I look to my future and still see wonderful things, yet I also fear the future... fear of failure mostly... Life is a journey, not a destination... When will I discover my soul's manifestation... Its taken me a while to heal after my father's house was lost to foreclosure, but every year it gets a little easier. Ironic too... Dec 21st 2012, the day the world was supposed to end, was the day we got the auction notice. The house my grandparents moved to from England... was lost... how can I feel so responsible when I was trying to save a sinking ship?... Like putting a band-aid on a bullet wound, I should have let it go and moved on. Focused on my life, rather then the house's death. I hope to someday have my life back on track, and that I will become 'rich and successful' someday.
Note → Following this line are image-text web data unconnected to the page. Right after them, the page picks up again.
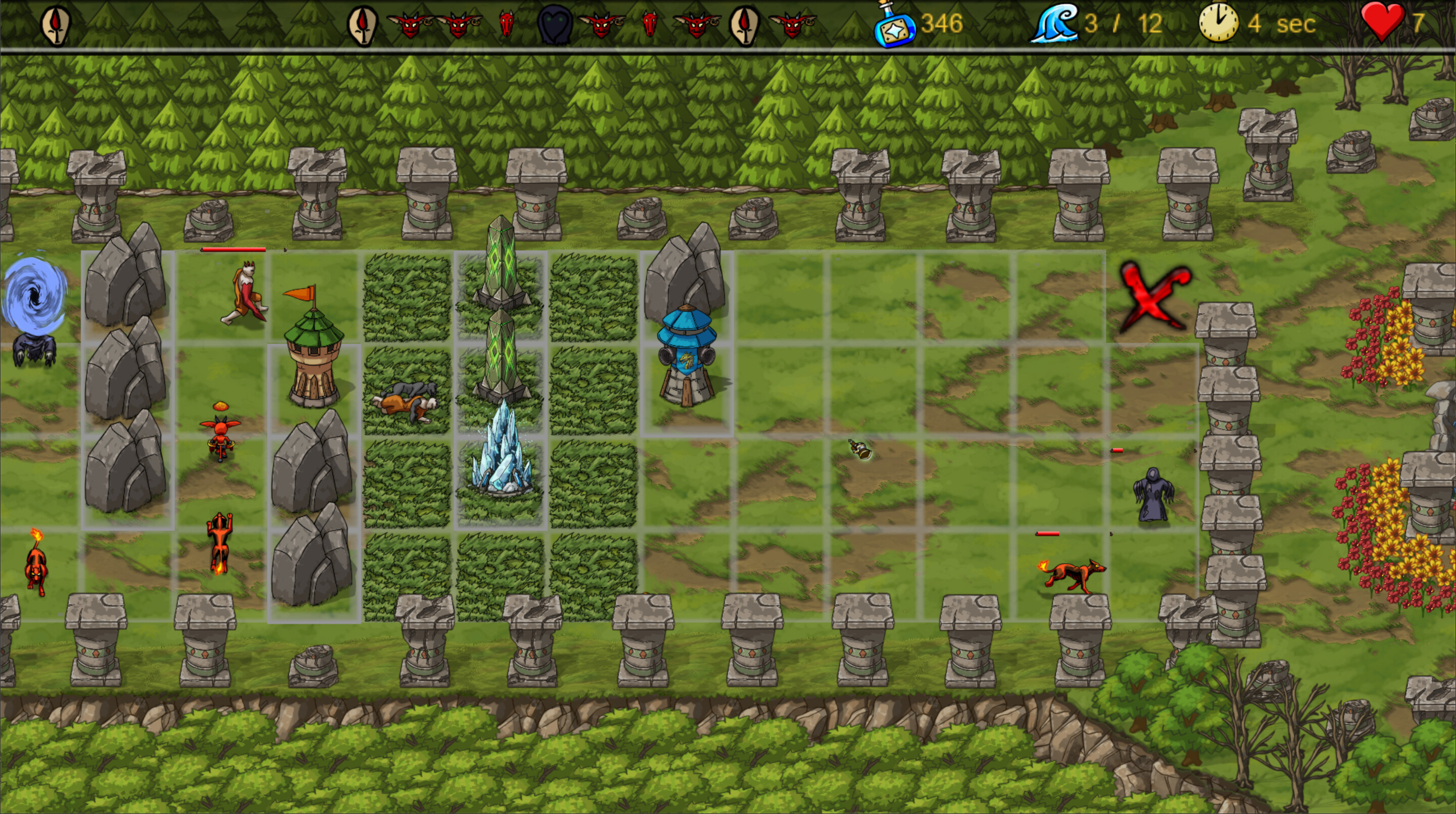 Delenar TD: Remastered screenshot 5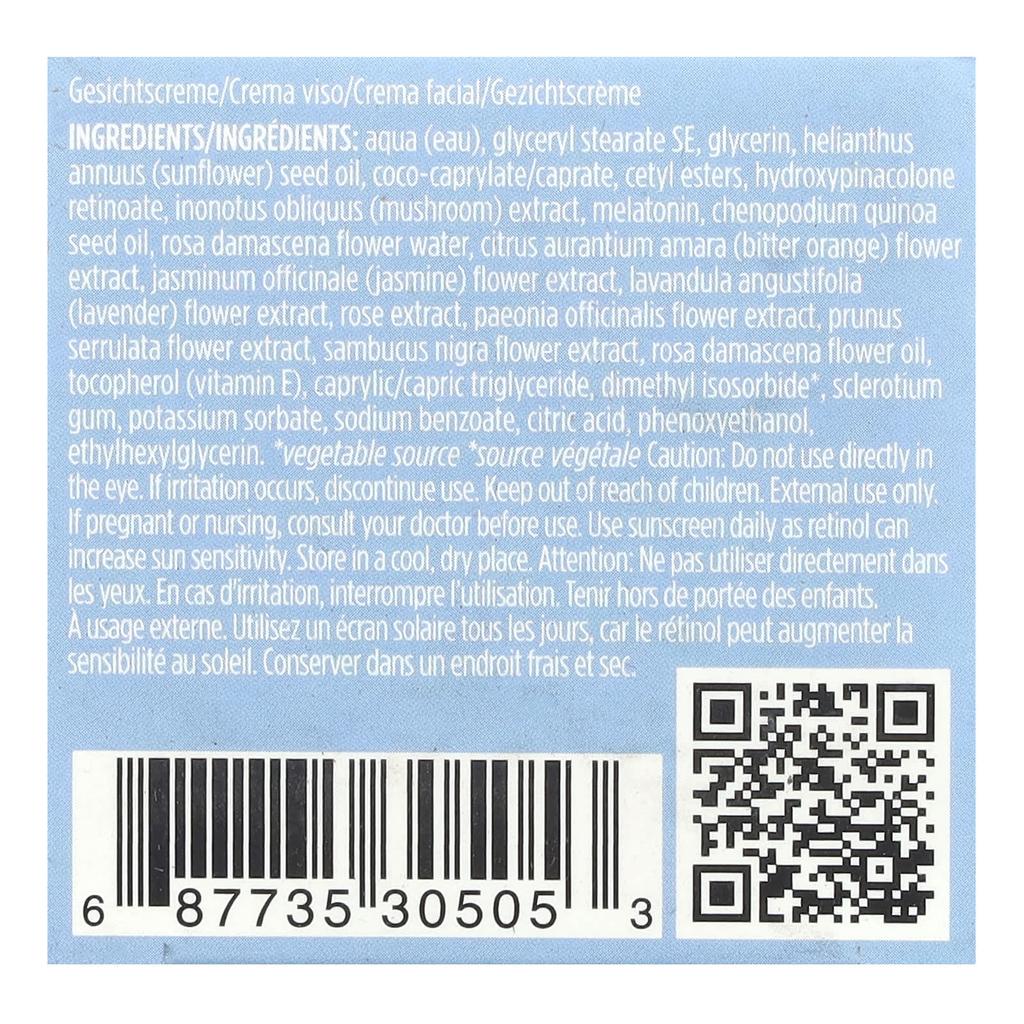 Pacifica Проснись прекрасной, Ночной ретиноидный крем, 1,7 жидких унции (50 мл)
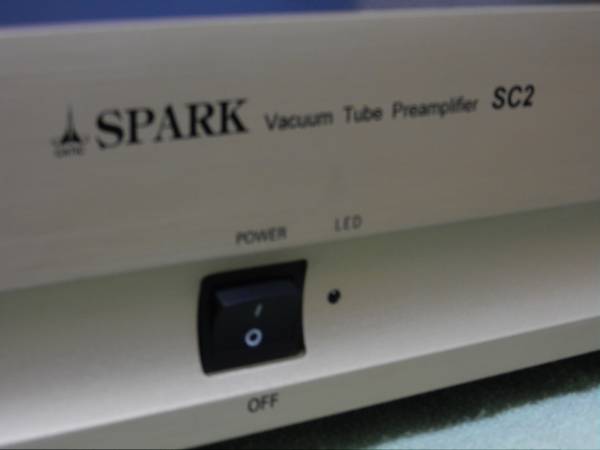 SPARK Hi-END 真空管プリアンプ SC2 【公式通販】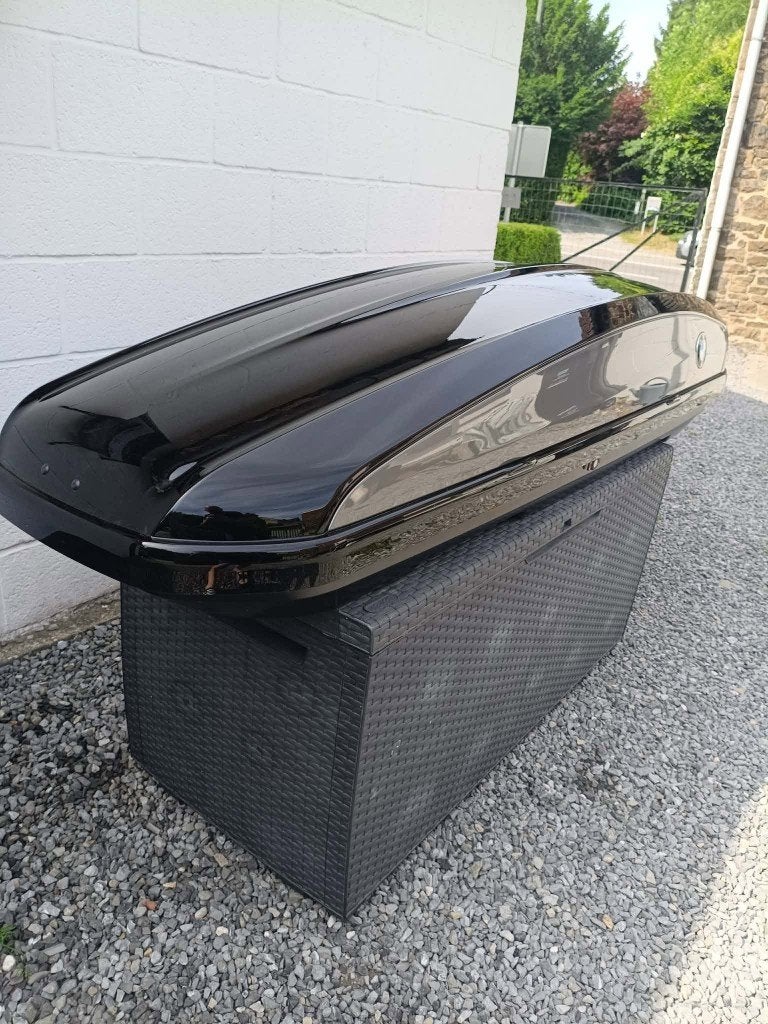 Coffre de toit BMW + barres de toit BMW (f22 f32 f36), Enlèvement, Comme neuf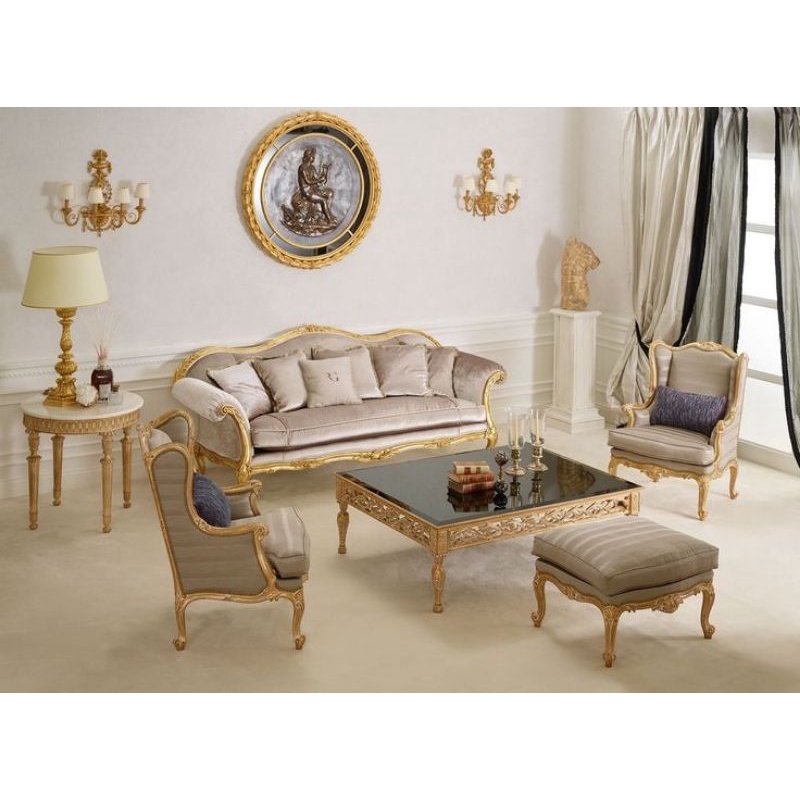 kursi tamu cantik terbaru kayu jati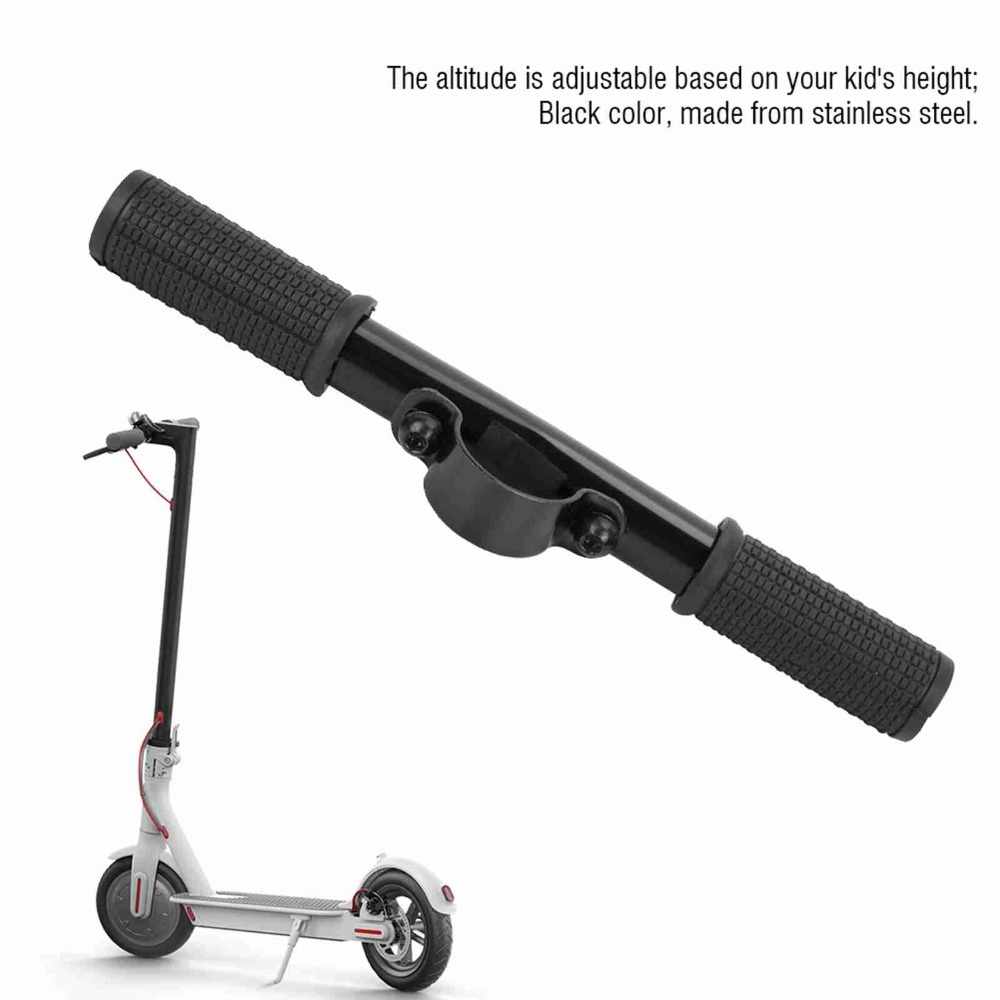 耐久性のある滑り止め電動スクーターハンドルグリップ調整可能な - Kids Ride On Suitcase Scooter のレビューと価格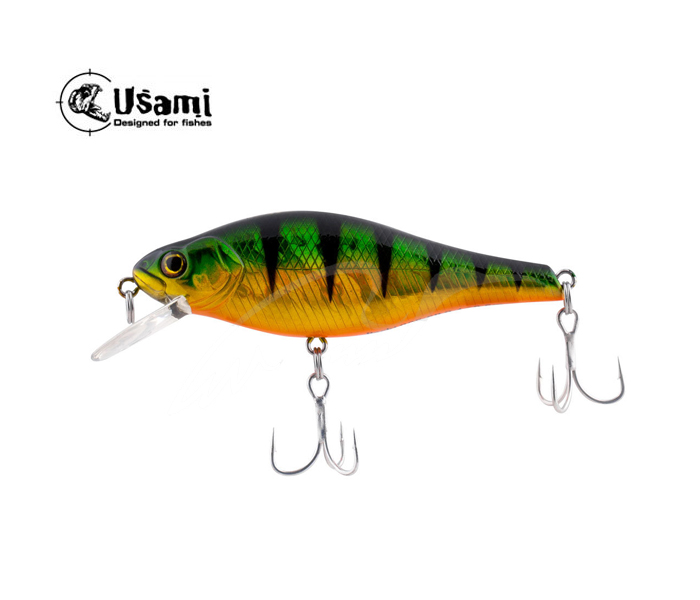 

Воблер Usami Pachi 80F-SR 9.0g #118 (1.5+m) (33793)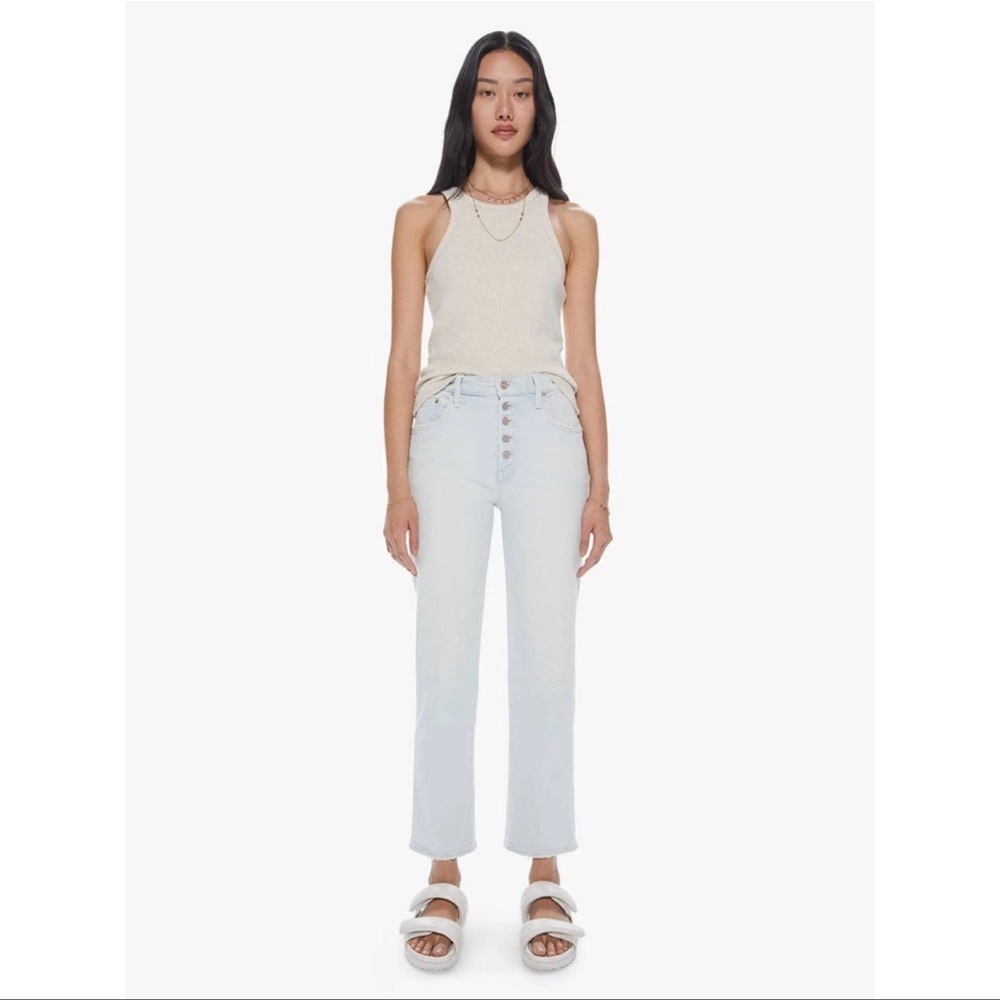 NWT Mother The Pixie Tomcat Ankle Jeans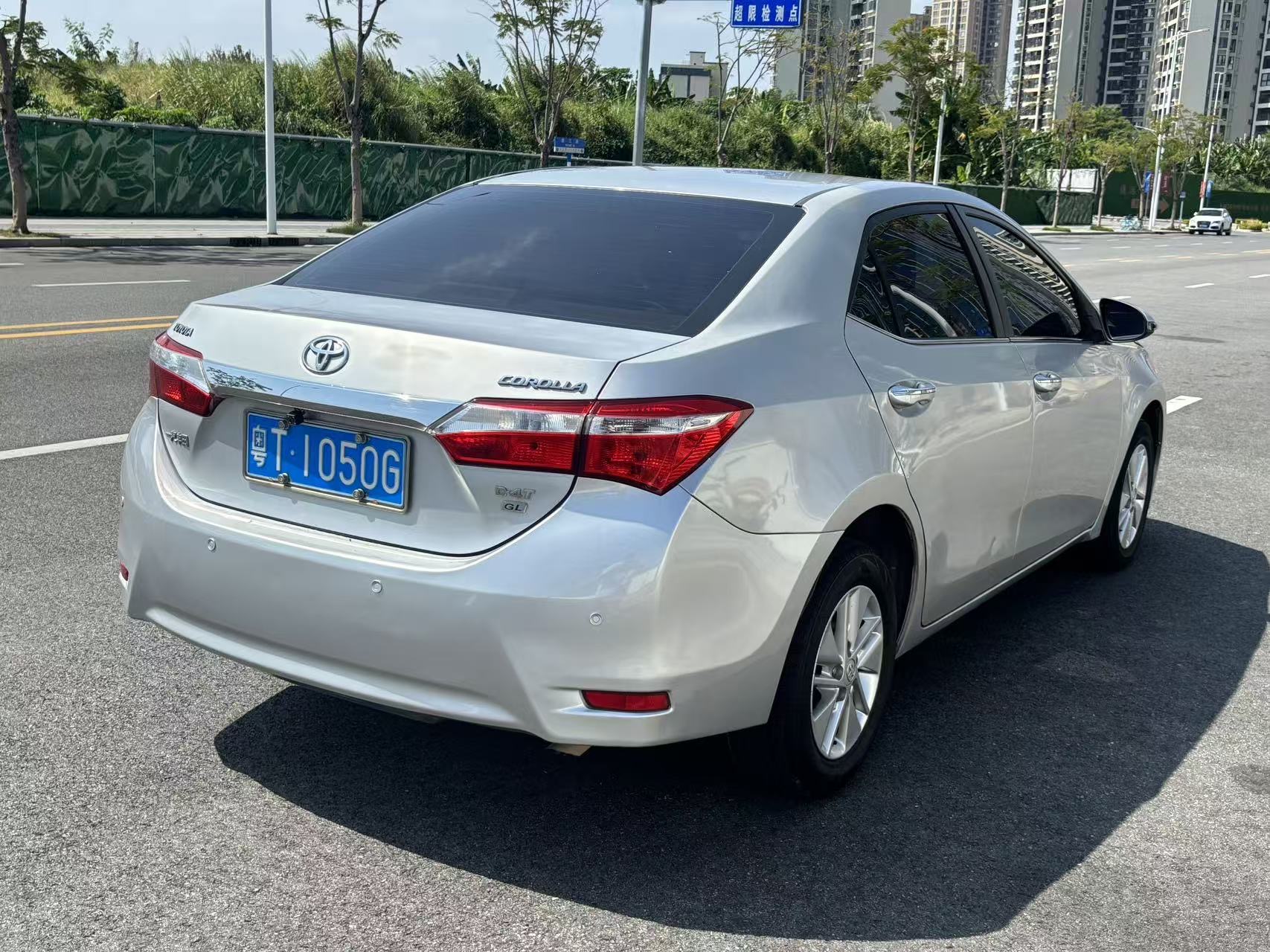 Toyota Corolla 2017 #5 Toyota Corolla 2017 imagen de coche #5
I am blessed that I do not have any problems with hardcore drugs, gambling, or other such vices... I am doing well considering all the things I have lived though. "I cried when I had no shoes, then I met a man with no feet." - Gandhi. I have so many things to be greatful for... yet I still lack what is very important to me... friends. Sure, I have met a couple of wonderful people since moving to the desert, but well... my eyes have always been bigger then my stomach... and I always want more friends. Especially now, seeing people I love post amazing things on Facebook, and knowing they are too far away to see. Makes me yearn for the past... the good ol' days...
A lot of people I respect can see my true potential... yet why can't I? I know its there... I am not blind... perhaps sometimes I am. Auntie Gurdy, one of my relatives that I met at a family reunion in Canada about 5 years ago when I was 22... she told me 'do everything you want with your life.' In a sense I already have... I have been frivolous, I have traveled, I have sung, I have danced, I have smiled, I have giggled, I have a short list of friends that know and love me. Yet, I have many more years ahead of me, and I need to make the most of them, and continue to help all those I meet. I cannot let the world beat me down and win... I have to fight to be myself and let my true colors shine even if it blinds some people. I have wonderful hobbies and talents I want to share with everyone... but it requires I take a chance... a chance that they may not approve... a chance I may upset some.
Today is early August 2015... and my life will begin anew... right now. Thank you. Much Love.